WHAT IS NEEDED => Within the data below, determine how many lines contain "Apartment" and supply only that figure.

*** Opening SOURCE INFORMATION ***

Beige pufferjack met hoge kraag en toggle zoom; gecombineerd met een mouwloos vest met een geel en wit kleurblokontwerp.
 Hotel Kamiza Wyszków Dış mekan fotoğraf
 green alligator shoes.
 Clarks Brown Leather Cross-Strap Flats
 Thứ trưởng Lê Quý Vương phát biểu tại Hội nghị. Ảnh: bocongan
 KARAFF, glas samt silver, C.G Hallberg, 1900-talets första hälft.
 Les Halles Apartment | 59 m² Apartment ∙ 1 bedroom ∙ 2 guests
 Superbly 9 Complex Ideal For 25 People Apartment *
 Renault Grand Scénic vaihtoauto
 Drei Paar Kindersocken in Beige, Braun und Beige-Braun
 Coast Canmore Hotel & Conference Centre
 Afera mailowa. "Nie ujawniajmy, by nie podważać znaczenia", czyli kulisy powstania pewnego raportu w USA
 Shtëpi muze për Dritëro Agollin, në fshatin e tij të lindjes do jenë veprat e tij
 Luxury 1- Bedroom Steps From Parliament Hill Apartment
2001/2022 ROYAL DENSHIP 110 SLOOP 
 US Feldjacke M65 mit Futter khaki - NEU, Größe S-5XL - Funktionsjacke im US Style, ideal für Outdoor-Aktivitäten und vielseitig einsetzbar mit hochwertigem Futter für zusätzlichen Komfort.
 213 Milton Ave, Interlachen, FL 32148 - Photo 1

*** Closing SOURCE INFORMATION ***

FINISHED EXERCISE => 3